*What needs to be done*
In the material below, pictures must be dropped. Repeat exactly, and only, the lines from the line with "Used 2018 GMC" to the line with "Scania P 220 4x2, box trucks / box vans", both ends included.
*** Exercise data Section Begins ***
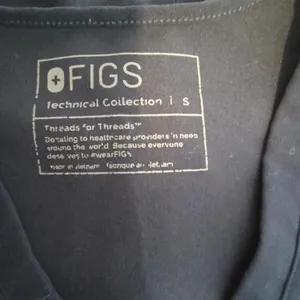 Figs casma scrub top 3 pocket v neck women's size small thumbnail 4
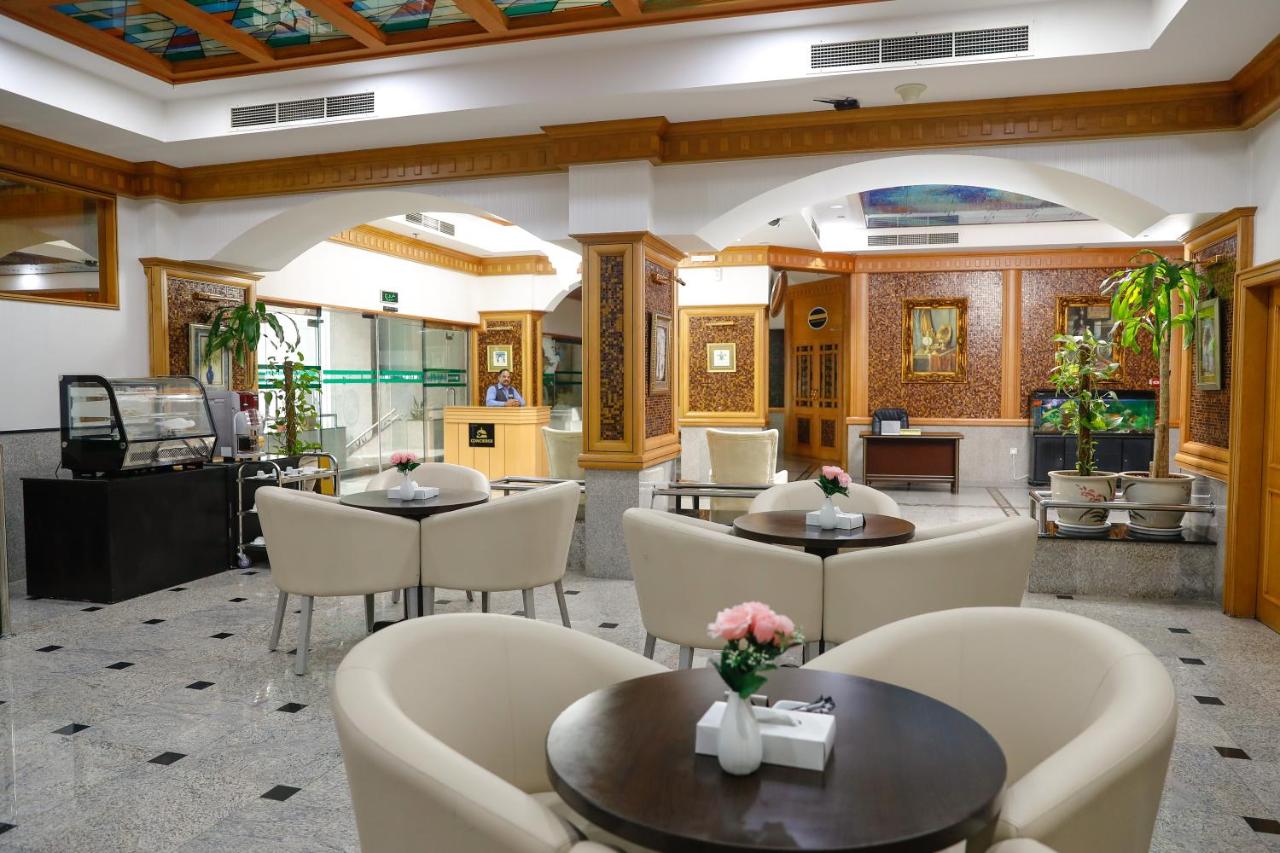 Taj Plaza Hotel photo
*** Exercise data Section Ends ***
*** Exercise data Section Begins ***
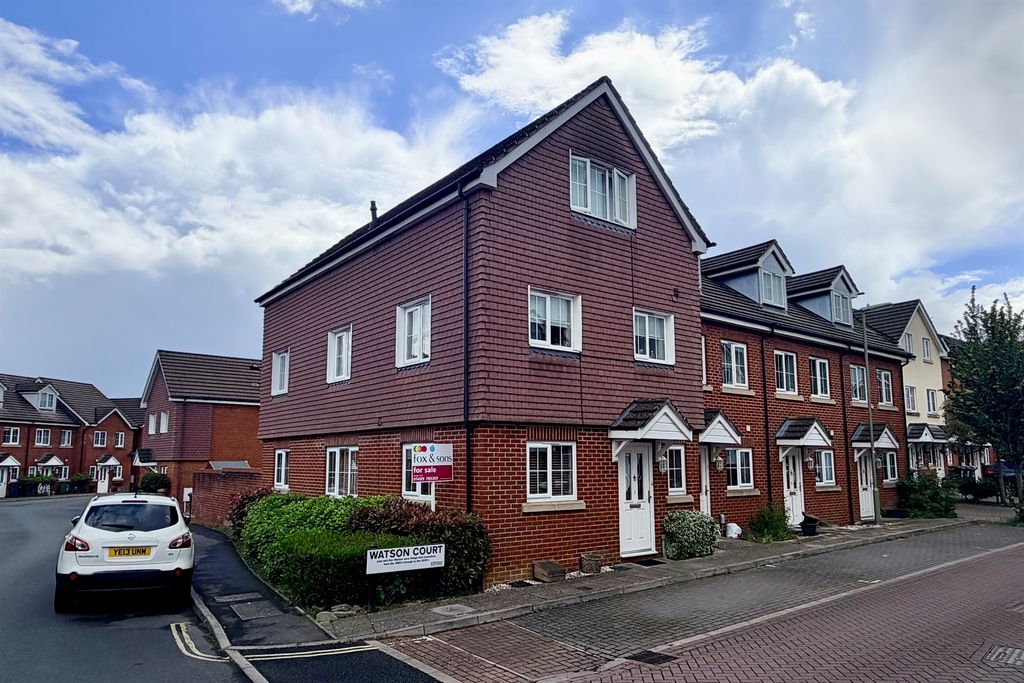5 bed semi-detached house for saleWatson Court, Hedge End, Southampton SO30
*** Exercise data Section Ends ***
*** Exercise data Section Begins ***
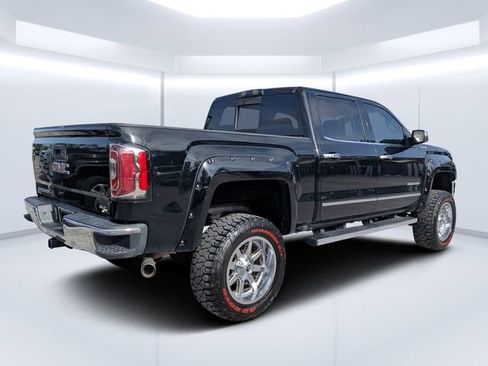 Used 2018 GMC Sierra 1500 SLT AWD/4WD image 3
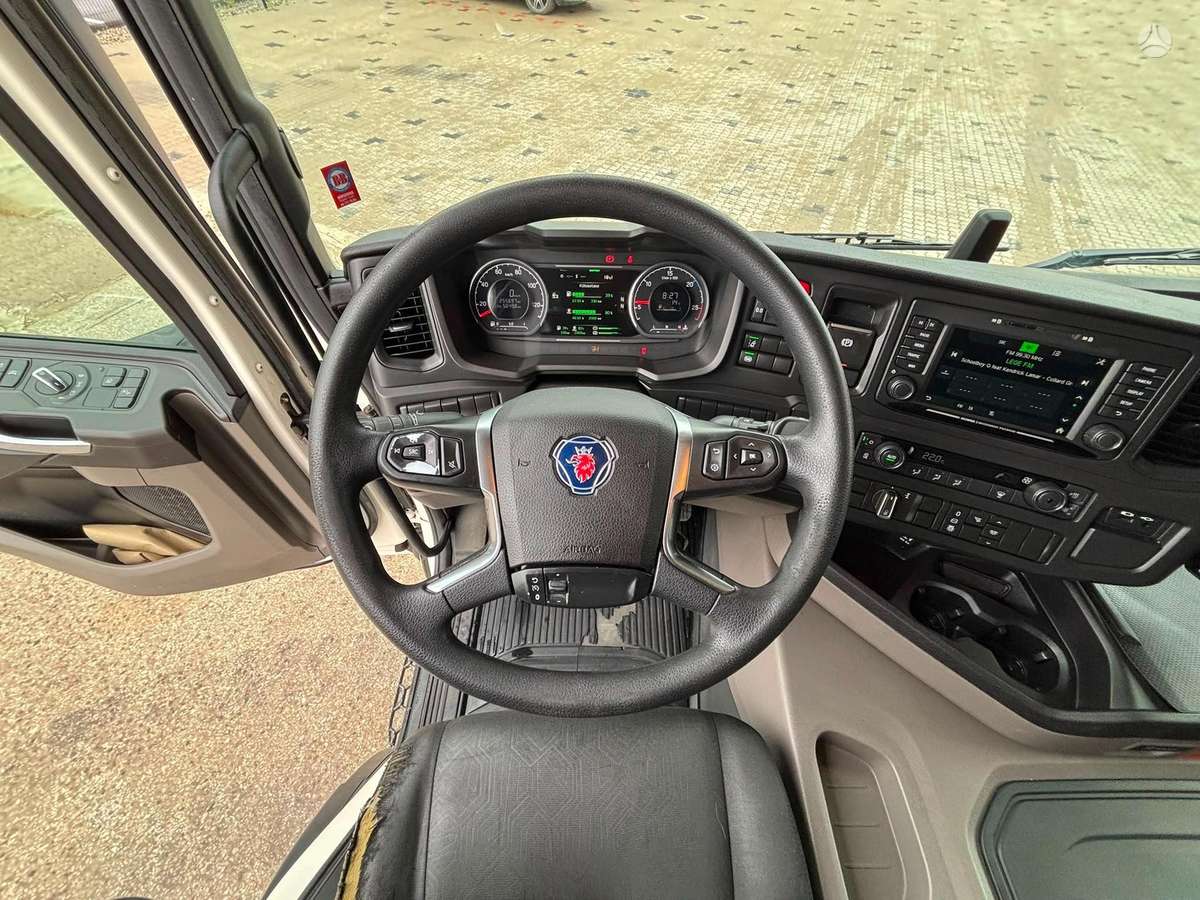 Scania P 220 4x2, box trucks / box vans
*** Exercise data Section Ends ***
*Result below*
 Used 2018 GMC Sierra 1500 SLT AWD/4WD image 3
 Scania P 220 4x2, box trucks / box vans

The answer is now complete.